■ PROVIDED ENTRIES ■
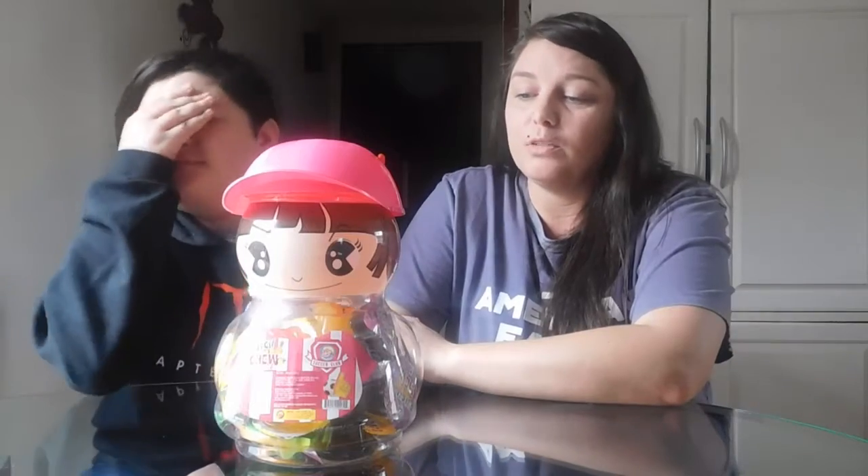Hey guys, welcome back to our channel. We've been trying to find the jelly TikTok candies everywhere, so we're going to have to order them online. But we found these — they're the same thing, just in little cups. We're unsure what to do in this video, but I guess we're just going to eat them.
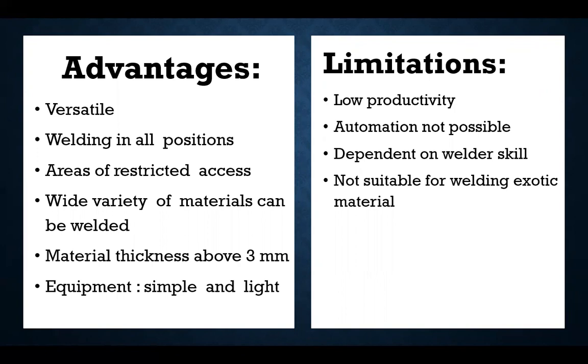If you have to do more welding or longer welds, SMAW is not suitable because productivity will be very low. The second limitation is that automation is not possible, because we have to manually change electrodes as explained. Another limitation is that it depends on welder skill — the arc length must be maintained; any change in arc length risks weld defects. This welding process is also not suitable for welding exotic high-quality materials.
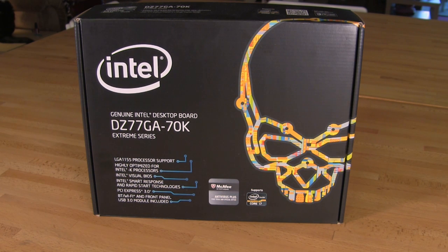Welcome back to Decrypted Tech. Today we're going to be taking a look at Intel's offering into the Z77 arena. This is pretty much the basis of what everybody works from. This is their genuine Intel desktop board, the DZ77GA-70K.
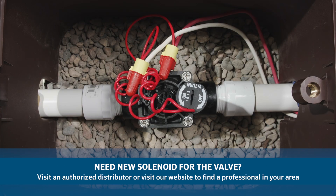If you need a new solenoid, Hunter makes our products and replacement parts available through our network of authorized distributors.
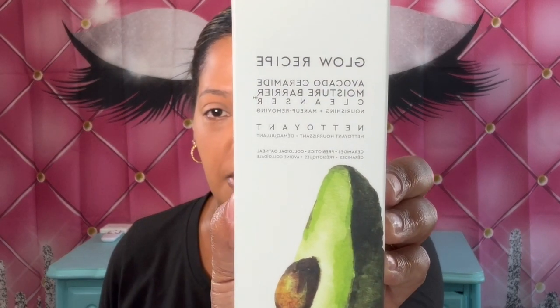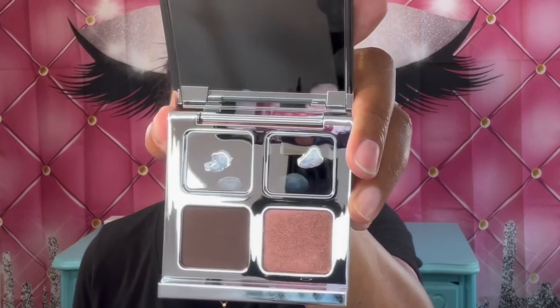The first thing I do have is the Glow Recipe Avocado Ceramide Moisture Barrier Cleanser. I also have the Eye Defy Zero Gravity Mascara. And then I have the Il Mucillage Color Boss Quad — it's a multi-dimensional eye color quad, but I'm missing two shades. I also have the K. Voss Fairy Dust Pressed Highlighter. I was supposed to get a cream bronzer, but that was left out. We'll go ahead and make this work with what we have.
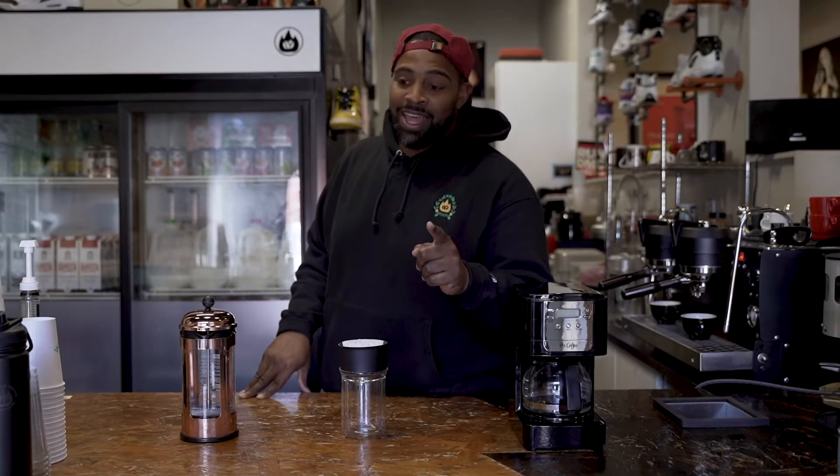It's corona season and I know y'all are stuck in the house right now and y'all need to make some coffee for yourself, and I'm gonna show you how to do it. It's gonna be mad easy. We're gonna try to keep it mad cheap, try to make it mad fast for you. Let's get into it.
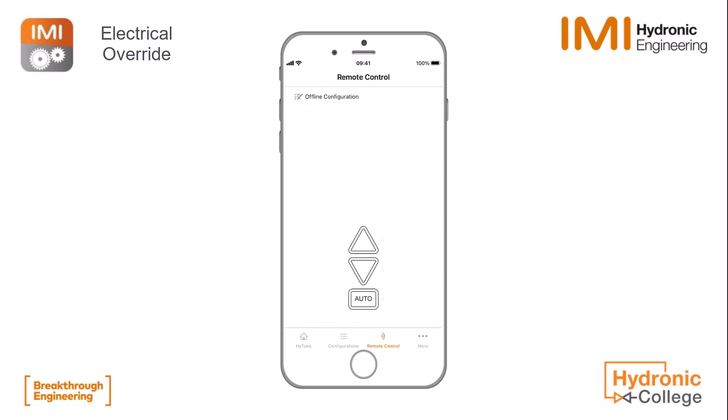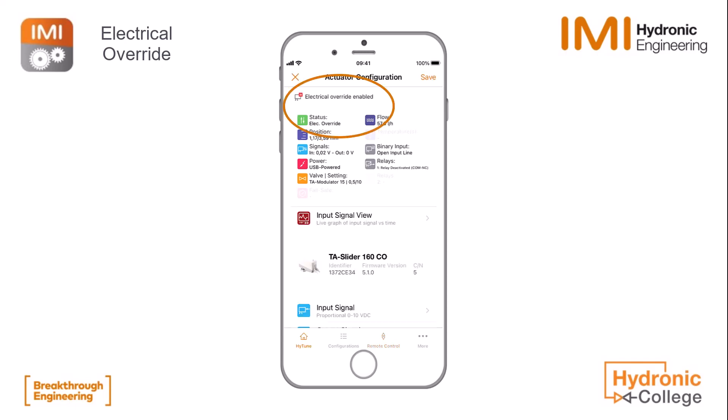We click on remote control and then after a few seconds you will see that the live status will appear again and you get this dongle-like image. Now if we click on the auto button, which was blinking green, it will become red and you see electrical override above that it is enabled.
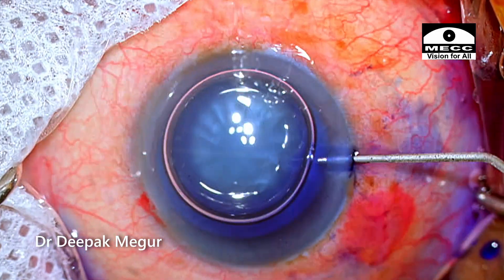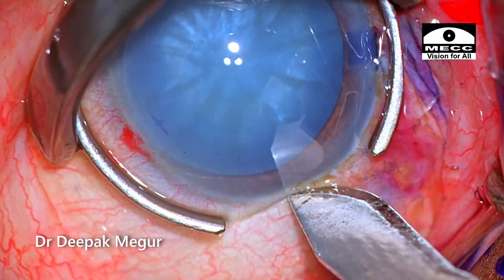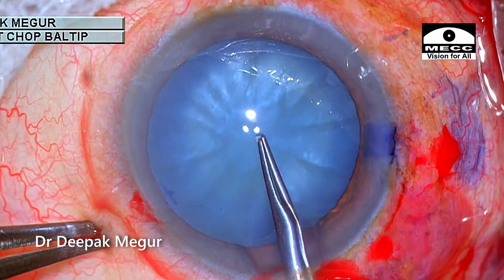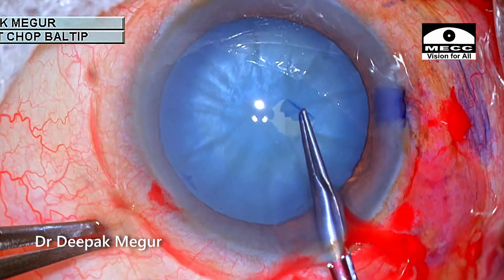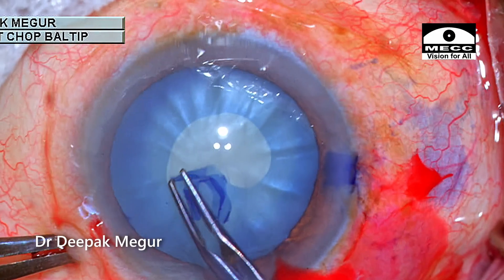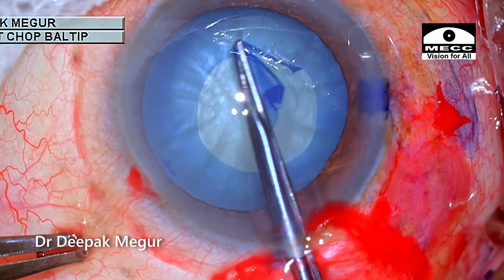The capsule is stained and OVD is introduced into the eye. It's time to perform the rhexis. My initial plan is to do the two-stage rhexis, but as I begin, I assess that the capsule is not that tense. So I changed my plan and am now doing the swirling or spiraling technique.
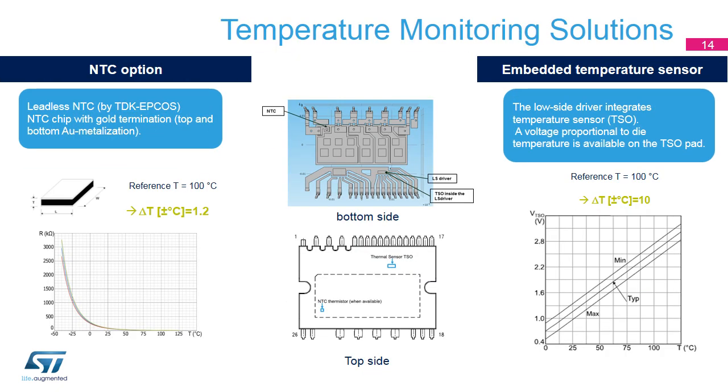The SLIM 2nd Series family includes two temperature monitoring solutions: a temperature sensor integrated on the low side gate driver, and an NTC, negative temperature coefficient Thermostore, placed in the power stage. A voltage proportional to the temperature is available on the TSO, temperature sensor output, and the delta temperature is about 10 degrees Celsius. For accurate junction temperature monitoring, a temperature measurement is available on the NTC pins. The advantage of having the NTC is the possibility to accurately monitor the temperature, thanks to a delta temperature of 1.2 degrees Celsius instead of 10 degrees Celsius with the VTSO sensor.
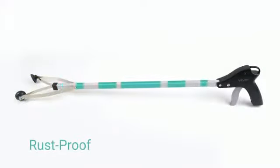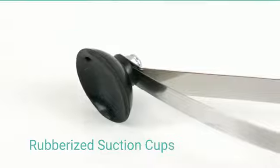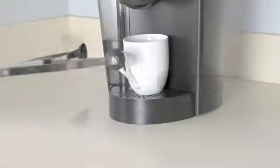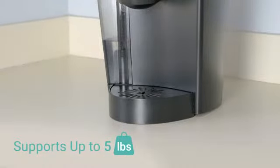The Reacher Grabber is built for heavy-duty use with a rust-proof aluminum frame. Rubberized suction cups grab onto objects and prevent them from slipping, even on glass and other smooth surfaces. The Reacher will hold items up to 5 pounds with ease and is perfect for a wide range of applications.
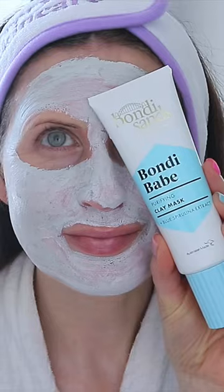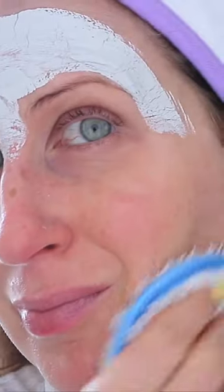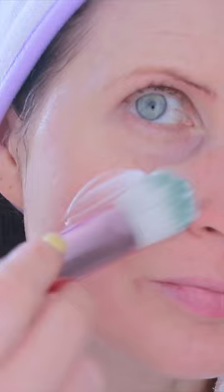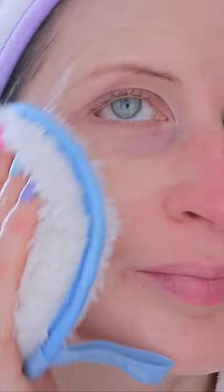I start by doing a facial steam, which always helps reset my skin. Then I go in with a mud or clay mask to draw out all those impurities, and lastly I rehydrate and nourish the face with a cream mask to finish.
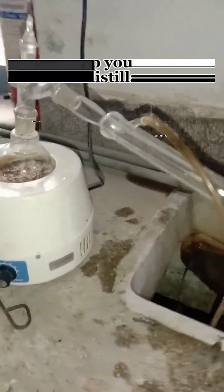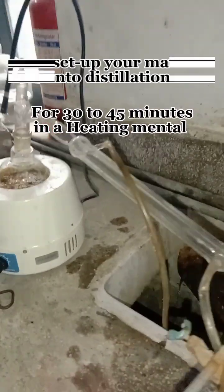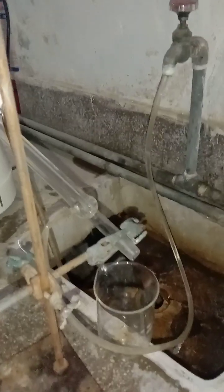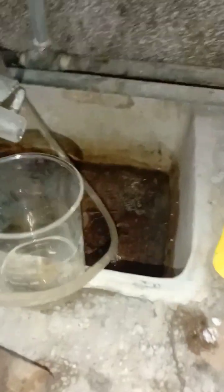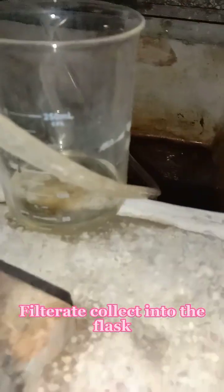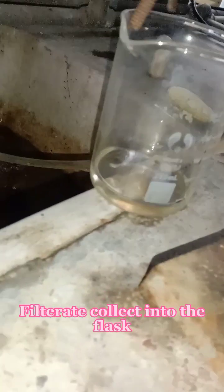Now we set up the distillation process and place the round bottom flask into it. The distillation of the mixture starts here and we collect the filtrate in a flask — you can see it here.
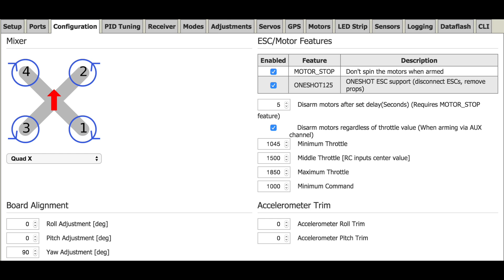For the ESC and motor features, we're going to check motor stop as well as OneShot, because the DYS 20-amp ESCs are OneShot enabled. This basically allows for a faster signal connection between the ESCs and the motors.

■ PROBLEM DESCRIPTION ■
Transcribe exactly the lines above, beginning at the one with "We click on remote" and going up to and including the one with "The capsule is stained". Pictures do not belong in the copy.

■ EXERCISE RESULT ■
We click on remote control and then after a few seconds you will see that the live status will appear again and you get this dongle-like image. Now if we click on the auto button, which was blinking green, it will become red and you see electrical override above that it is enabled.
The capsule is stained and OVD is introduced into the eye. It's time to perform the rhexis. My initial plan is to do the two-stage rhexis, but as I begin, I assess that the capsule is not that tense. So I changed my plan and am now doing the swirling or spiraling technique.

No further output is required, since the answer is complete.